> **TASK DIRECTIONS**:
Output exactly the lines that run from the start of the records to the line with "Recently promoted staff", counting both ends, and skip the pictures.

> **EXERCISE INPUT**:
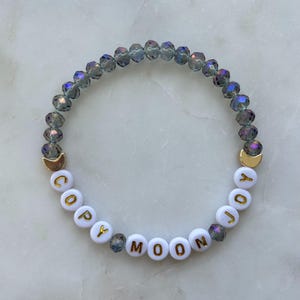 May include: A beaded bracelet with the words "COPY MOON JOY" spelled out in gold letters on white beads. The bracelet features iridescent gray crystal beads and gold crescent moon charms.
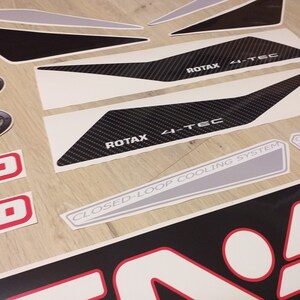 May include: A set of black and white decals with a carbon fiber pattern and the text "ROTAX 4-TEC" and "CLOSED-LOOP COOLING SYSTEM".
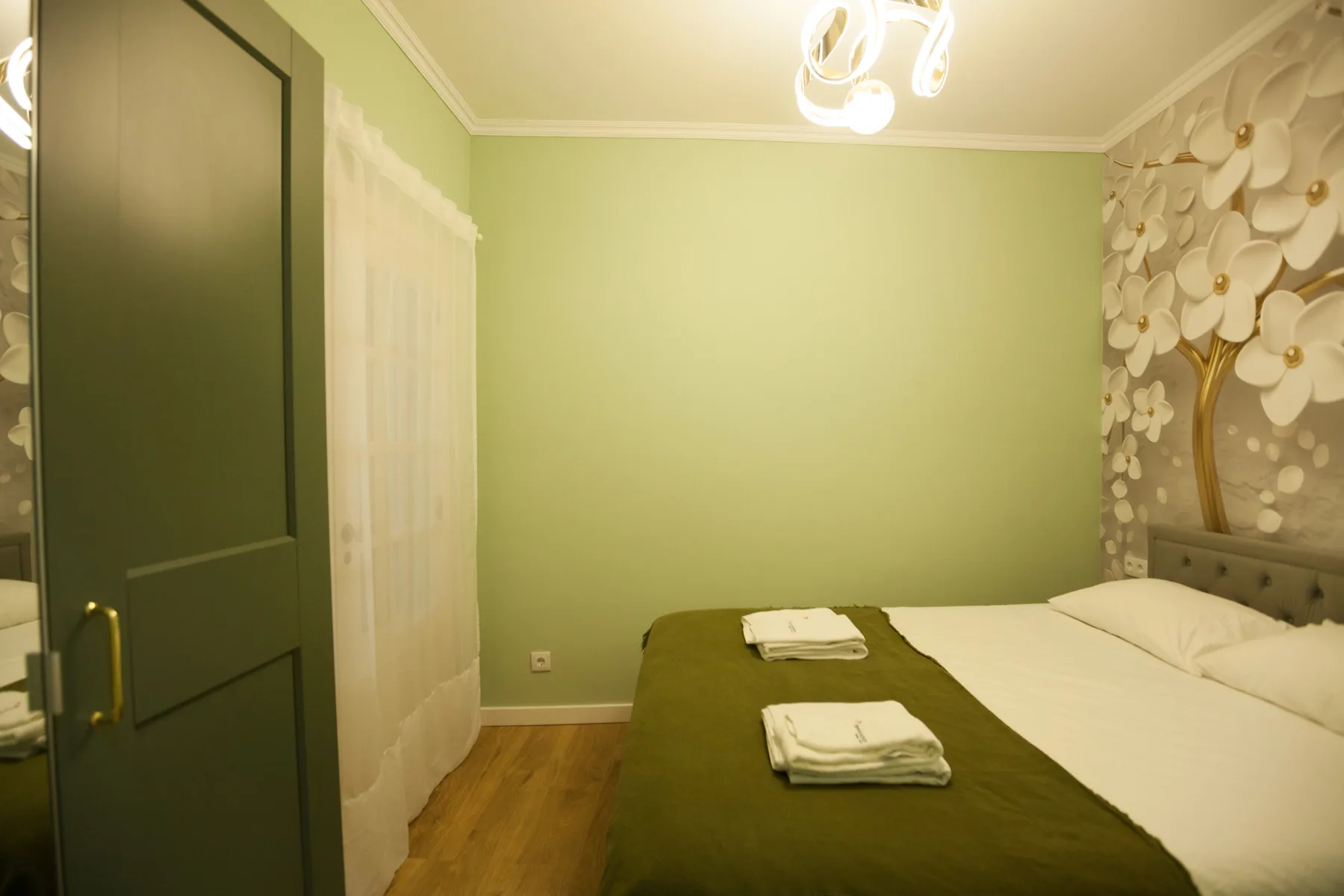 A bedroom with a neatly made bed and decorative wall panels.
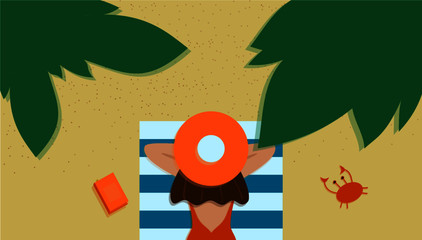 girl with a hat on a beach towel with green leaves next to a book and a crab 
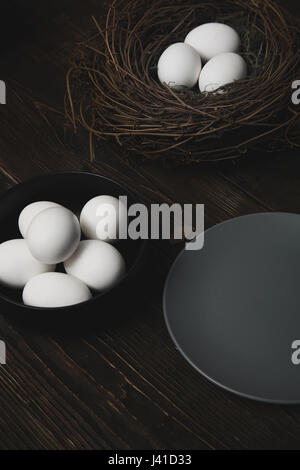 Easter eggs and bird nest on a rustic wooden table Stock Photo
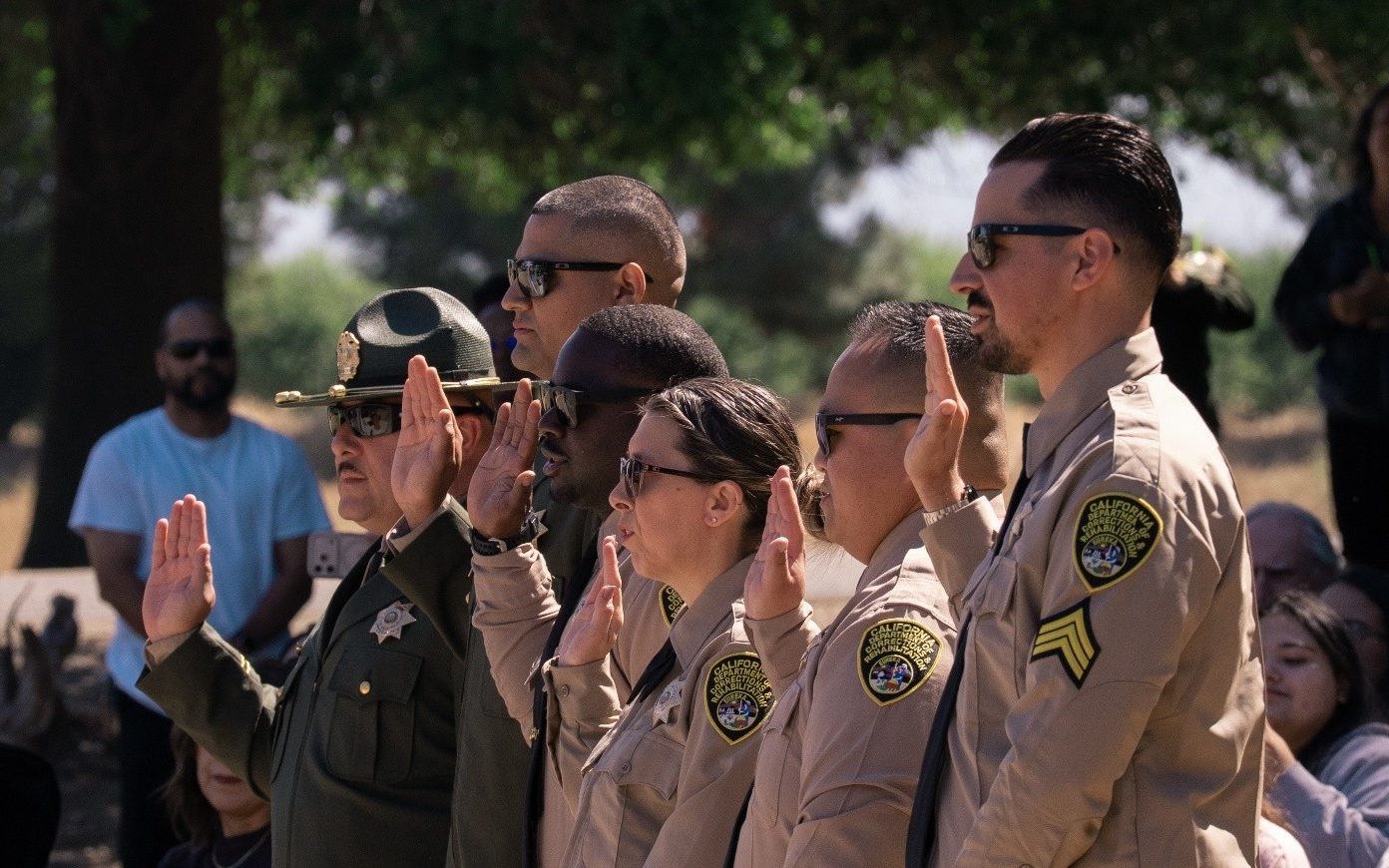 Recently promoted staff members raise their hands to take the oath of office at CCWF.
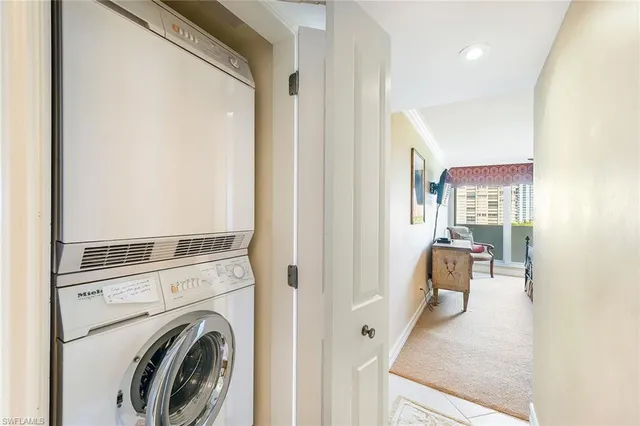 a view of living room with furniture and a fireplace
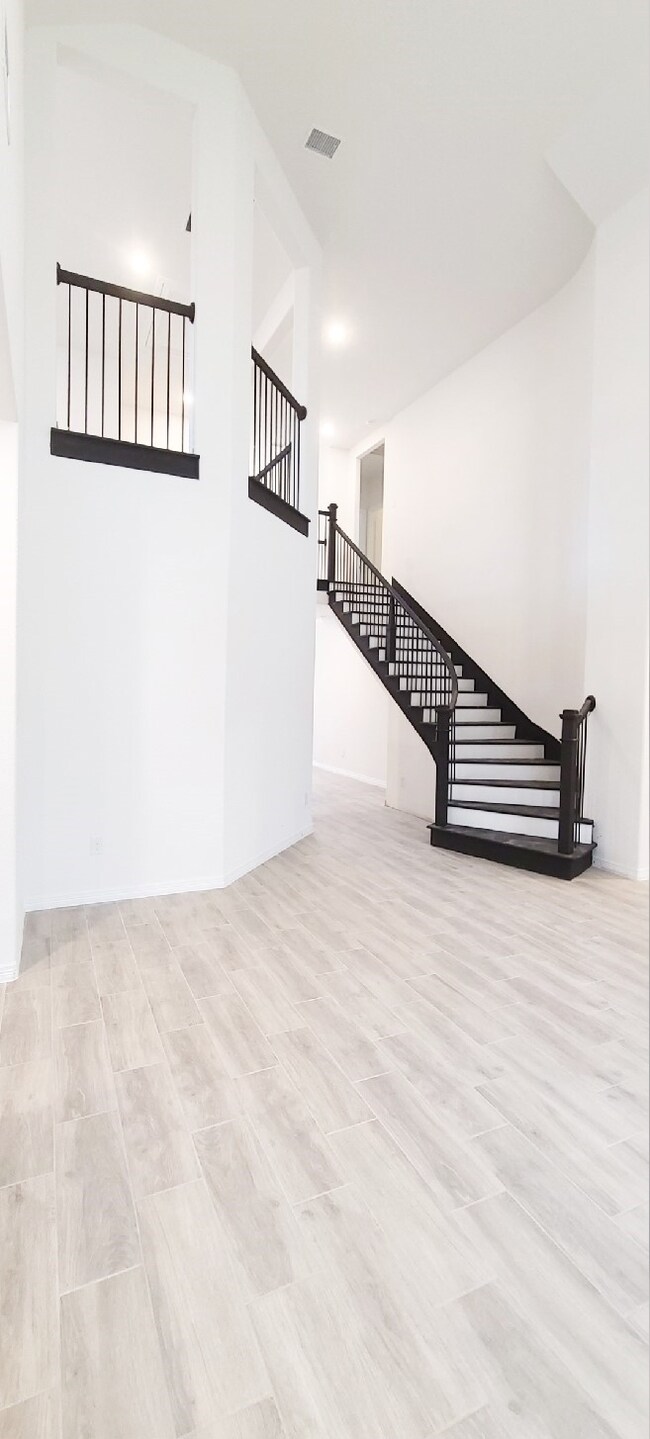 Beautiful, curved stairs to be viewed by you and guest from the family room.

> **ANSWER TO THIS TASK**:
 May include: A beaded bracelet with the words "COPY MOON JOY" spelled out in gold letters on white beads. The bracelet features iridescent gray crystal beads and gold crescent moon charms.
 May include: A set of black and white decals with a carbon fiber pattern and the text "ROTAX 4-TEC" and "CLOSED-LOOP COOLING SYSTEM".
 A bedroom with a neatly made bed and decorative wall panels.
 girl with a hat on a beach towel with green leaves next to a book and a crab 
 Easter eggs and bird nest on a rustic wooden table Stock Photo
 Recently promoted staff members raise their hands to take the oath of office at CCWF.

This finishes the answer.